Gérard Noiret ⎜ Le mot atelier

Le mot atelier
suivi de "D’une obstination"

Écrire, lire, animer des ateliers, mettre en voix, cela n’est qu’une seule activité de langage, une dialectique de plan n’entretenant que rarement des rapports de cause à effets, mais une seule activité de langage.

Comme alternative au perpétuel débat intérieur, non pas le spectacle (cinéma, danse, théâtre me renvoient à mes propres interrogations) mais le match de foot !

Demander au langage de préserver la notion d’humain ce n’est pas vouloir restaurer le visage de l’Homme éternel ou nouveau, mais, sous les éclairages de l’histoire et de l’anthropologie modernes, attendre de pratiques particulières en rien supérieures aux autres, ces moments de surgissement et d’évidence qu’ont pu produire la peinture avec Picasso, le théâtre avec Kantor, le cinéma avec Wenders.


I

Ils ont été divisés en deux groupes. C’est une classe de troisième, une classe de rattrapage. Ils n’ont pas souhaité ma présence. Ils ne sont pas hostiles mais n’ont jamais eu entre les mains un livre de poèmes, jamais franchi les portes d’un auditorium ou d’un théâtre ; Mois, je suis venu sur la base d’un projet plus complet qu’à l’ordinaire. Nous nous évaluons. Je leur fais lire des passages de Je me souviens de Pérec, avant de leur demander de se présenter en adoptant le principe, puis, m’appuyant sur des extraits du Roland Barthes par lui-même (J’aime - je n’aime pas), je les amène dans des registres plus sensibles. Personne n’est obligé de prendre la parole.

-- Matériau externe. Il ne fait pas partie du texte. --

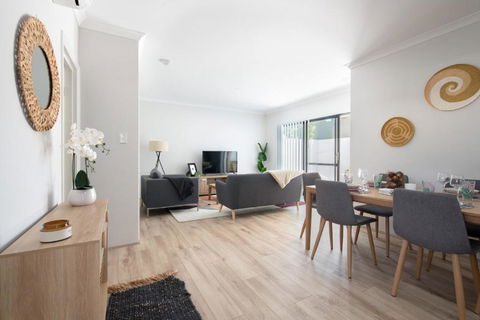 Modern Cozy - Accommodation Main Beach 3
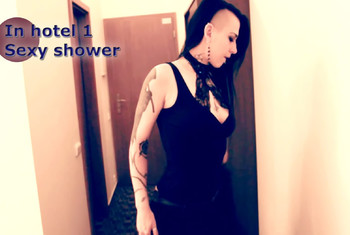 Im Hotel 1 Sexy Dusche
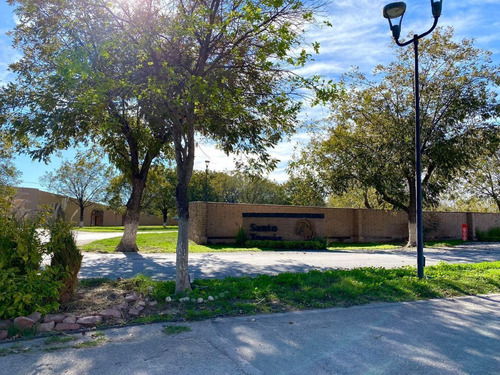 Se Vende Terreno Residencial En Virtudes Esq. Con Via De Santo Tomas, Las Trojes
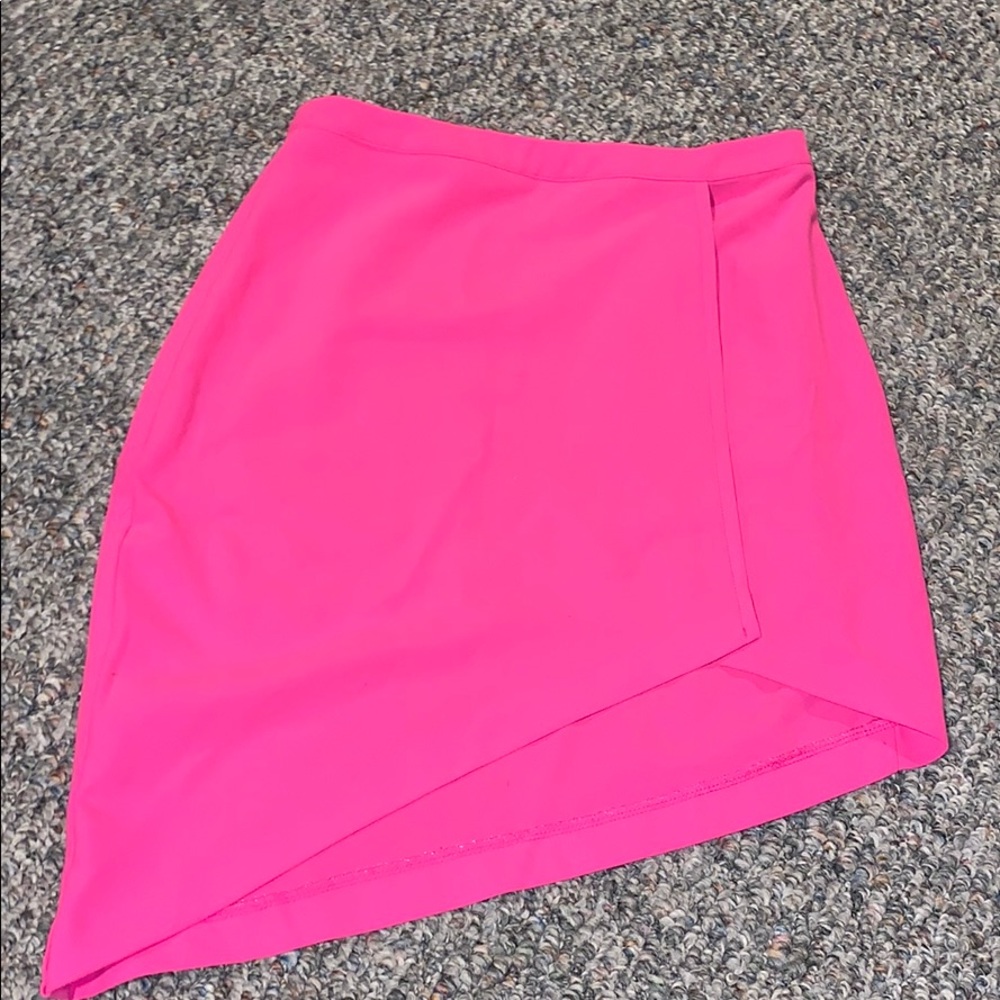 Pink tobi mini/midi skirt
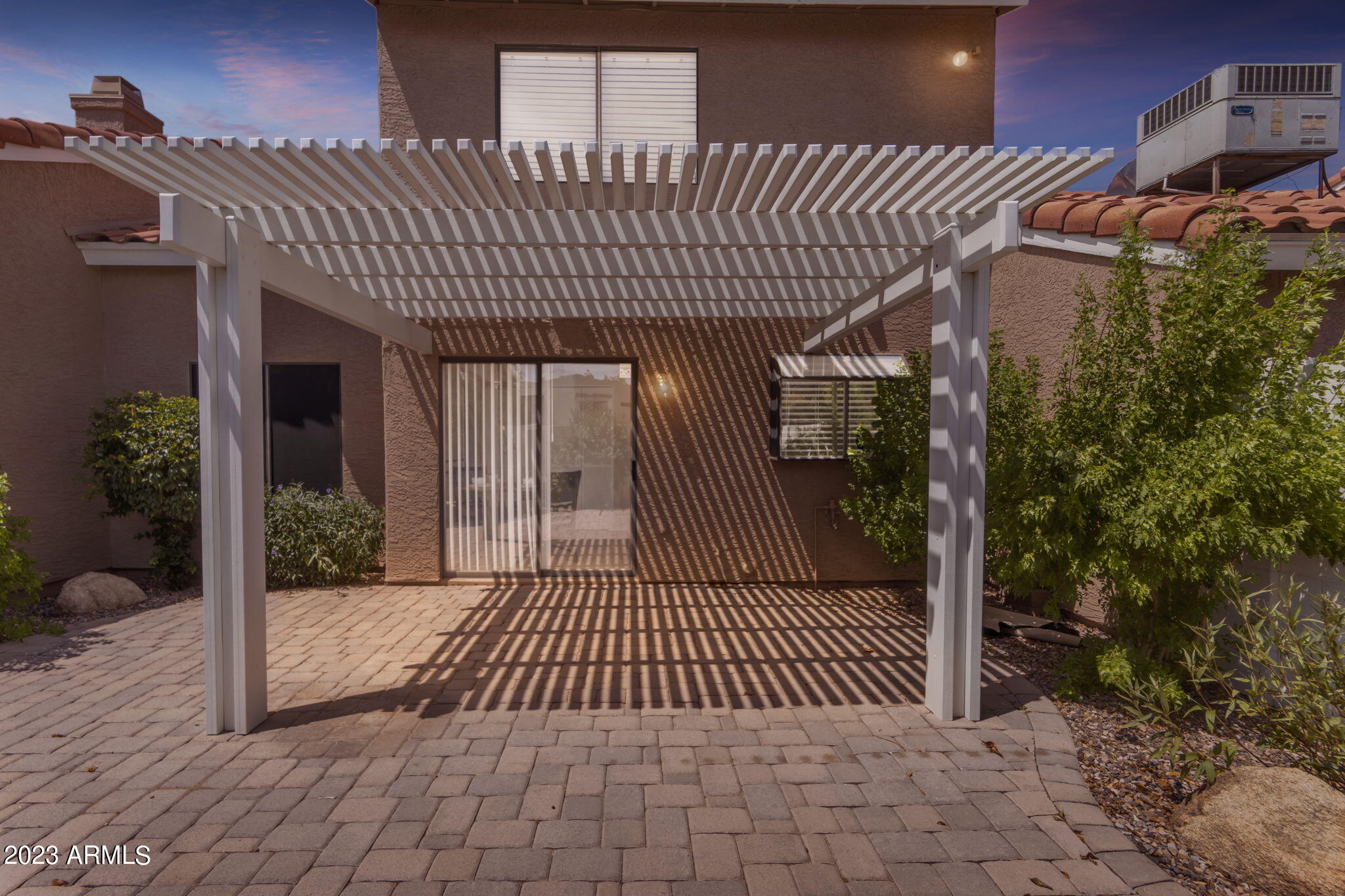 3510 E HAMPTON Avenue, 96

Après que D, un Maghrébin qui ressemble à un basketteurs américain nous a lu un texte plein de sensation et de repères déphasant, où pour terminer il parle de la mort de son grand-père, j’arrête la séance. Afin que tous ressentent la force de ce qui vient d’être dit. Nous sommes ensemble depuis plus de deux heures ; Cette interruption fait événement.

II

Je mène des ateliers d’écriture depuis 1974. Ces séances au cours desquelles des relations s’établissent à partir de jeux de langage, avec des adultes ayant de la poésie "une idée si vague qu’ils prennent ce vague pour l’essence même de la poésie (Valéry)", ou des enfants, ont toujours eu des motivations n’entretenant que des rapports lointains avec la pédagogie : le plaisir de vivre des instants forts avec des inconnus, l’envie de partager une passion, la volonté de transmettre une ambition intellectuelle, le refus de céder le terrain à l’audiovisuel...

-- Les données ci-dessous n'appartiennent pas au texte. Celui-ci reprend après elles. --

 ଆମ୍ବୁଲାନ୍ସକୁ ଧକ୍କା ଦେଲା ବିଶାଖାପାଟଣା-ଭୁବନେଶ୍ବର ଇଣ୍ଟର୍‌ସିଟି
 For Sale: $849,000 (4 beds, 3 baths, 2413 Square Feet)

Jusqu’à ce que l’on vienne me chercher en tant qu’écrivain, cette pratique était liée à un souci d’éducation globale. Elle allait de pair avec la certitude d’avoir beaucoup reçu de ce qu’on a appelé "la décentralisation". Cette conscience demeure vivante. Aujourd’hui encore, je décline les offres qui ne sont pas porteuses de quelque chose de cet esprit émancipateur. De la même manière, je privilégie la dimension individuelle et la dimension verticale de l’activité poétique. La narration, l’apprentissage du développement linéaire ou de l’amplification ne me tentent pas. Je dispose d’une palette somme toute très formaliste, mais ce qui justifie mon action c’est (mon écoute) (mes commentaires) (mes incitations). Cela nécessite un état de disponibilité qui rend impossible une active régulière ou répétitive.

III

Le mot atelier, en ce qui me concerne, met à côté. Il tire trop du côté des idéologies de la production de textes, de l’expérimentation. Il occulte une dimension humaine sans laquelle écrire est tout sauf nécessaire, et ne revendique la gratuité artistique qu’afin de mieux dissimuler les enjeux de pouvoir. Et d’argent. Commode pour rédiger un contrat, cette désignation n’est pas infamante. Elle évite les propos hyperboliques, les dérives psychologistes. Car il s’agit bien d’écrire et non de se raconter, et non de vivre une expérience de groupe. Car il s’agit bien de chercher dans l’écriture et non de perpétuer les impostures de de l’inspiration ou du don. Car la charge, dont neuf fois sur dix, les adultes (en majorité des femmes) sont porteurs commande de se tenir dans les limites de la transposition, d’éviter le psychodrame.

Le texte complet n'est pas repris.